Profitable Renewable Energy Retrofits
Once you look at properties as an energy investment, it is immediately clear that on-site clean energy generation moves energy from liabilities to assets. Furthermore, if you can integrate multiple technologies in a property, very often legitimate synergies can be accomplished which offer compound returns. In terms of payback, it may mean that two components which by themselves have 7 and 8 year paybacks, suddenly combine to offer a 6 year payback. For example, geothermal heat pumps offer 400% efficiency because they extract free BTUs from the subsoil by heat exchange, but they require some electricity to run. But if you can generate your own electricity with wind, sun or water, you suddenly have a virtuous circle, including storage in the form of pre-heated hot water.

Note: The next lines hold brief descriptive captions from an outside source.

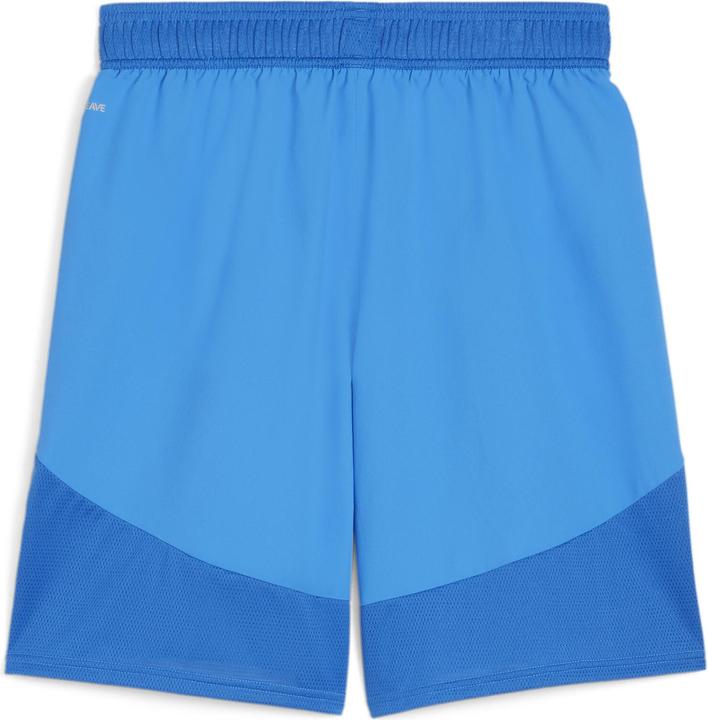 Image du produit Puma Short teamFINAL (3XL)
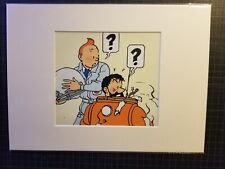 Tim und Struppi, tintin, Bild
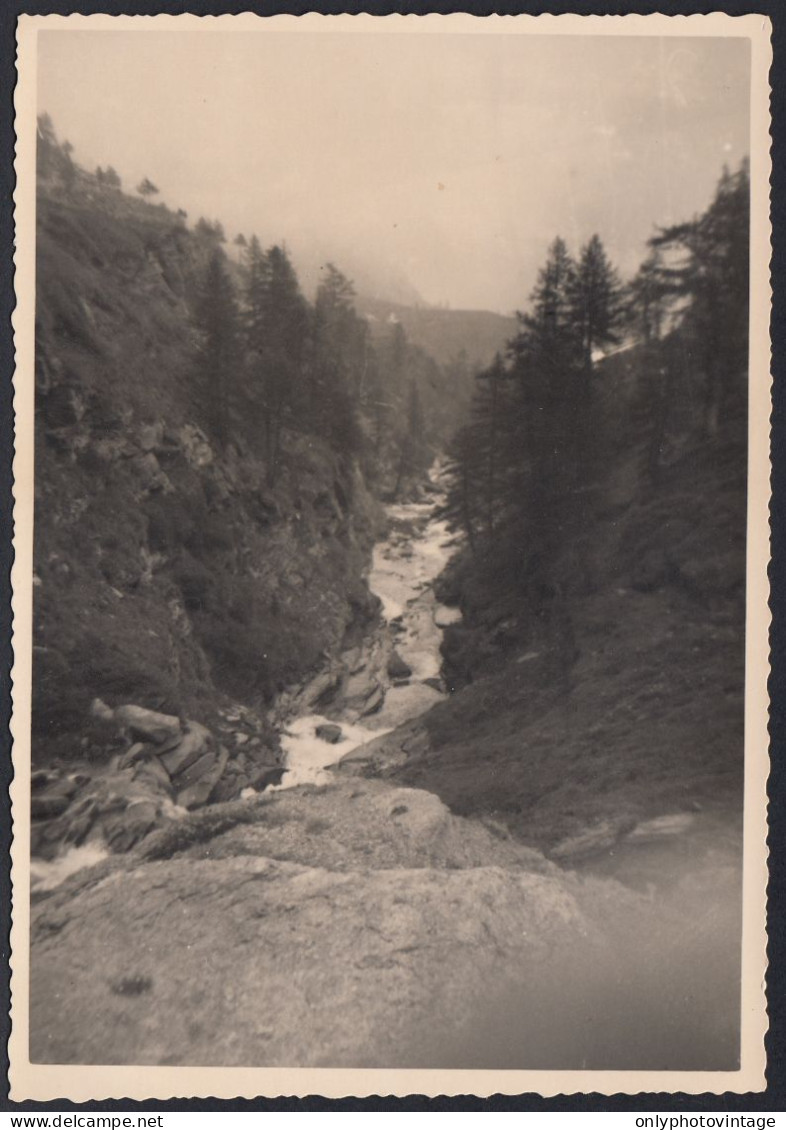 Valle D'Aosta 1940 - Dondena - Pineta - Gola - Fotografia - Vintage Photo - Lugares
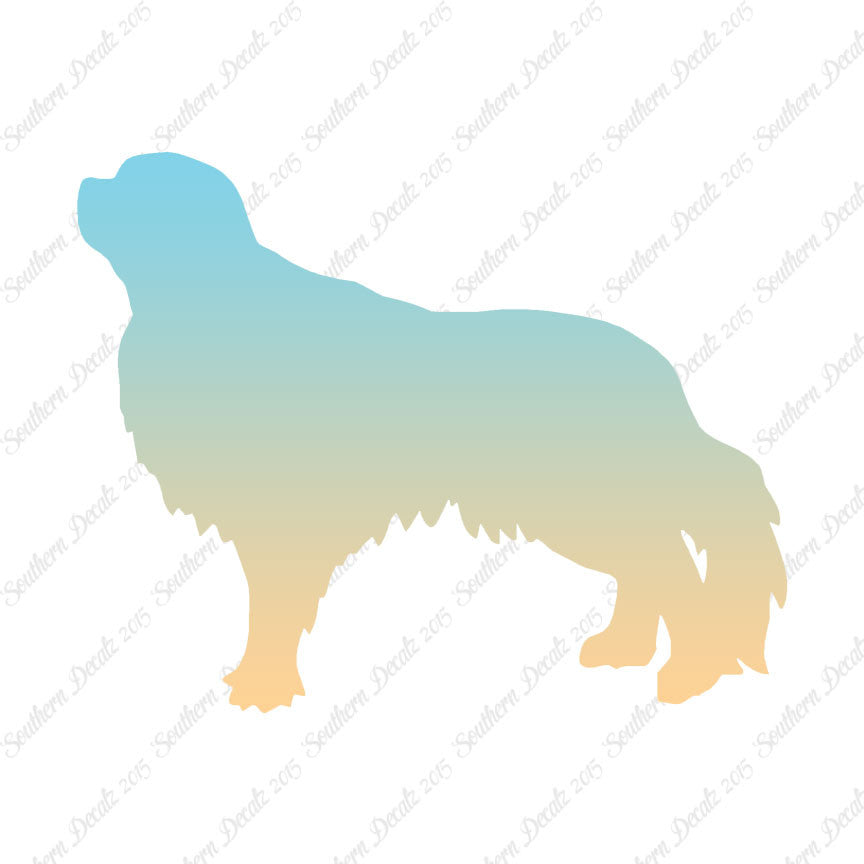 English Toy Spaniel Dog Breed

These compound returns with renewable energy make it a proper investment, as opposed to the diminishing returns of energy efficiency.
Regressive non-profits in renewable energy
Sadly, the non-profit sector which should be leading the way, is mostly regressive, with NRDC and EDF completely buying into the usurpation of the green objectives by energy efficiency, and oblivious to the fact that they have made themselves into a customer retention program for the fossil fuel industry. The Sierra club is only marginally better, hawking solar leases or PPAs, which are soon to be the sub-prime scandal of the green business.
And then there’s always Property Assessed Clean Energy (PACE), which is a smart way to finance the big capital bulge of renewable energy conversions, but the movement has been completely hi-jacked by the energy efficiency cult. This results in the classical problem of financing short term fixes with long term money, but it gets worse, because in its confrontation with the GSEs the PACE camp, barely snatched defeat from the jaws of victory, by hitching their case to energy efficiency, which misses the central point of PACE, namely that with an on-site clean energy retrofit, you are moving energy from liabilities to assets, and therefore this type of an investment permanently raises property values. And of course you’ll do it as efficiently as possible, but that’s entirely secondary. The decision is always between fossil fuels and renewables.
Renewable energy retrofits and Green Underwriting 2.0
Only renewable energy can permanently displace fossil fuels, and energy efficiency is a stalling tactic. For evident reasons, we must shift towards more renewable energy retrofits. That’s where the great GHG-reductions are, and that’s also where asset appreciation is, thus the economic justification, and the legitimate finance opportunity in which the asset appreciation accrues to its owners, instead of being ripped off by the financiers, as in the case of energy efficiency “investments,” which benefits widget manufacturers and energy companies, not property owners. Green finance needs to grow up.
What will tie it all together is a proper green underwriting standard, which incorporates a target of at least 50% GHG-reduction, along with the correct economic analysis of a whole property from the standpoint of make-or-buy (energy), and focused on asset appreciation by generating as much onsite renewable energy as possible, energy efficiency should bring up the rear.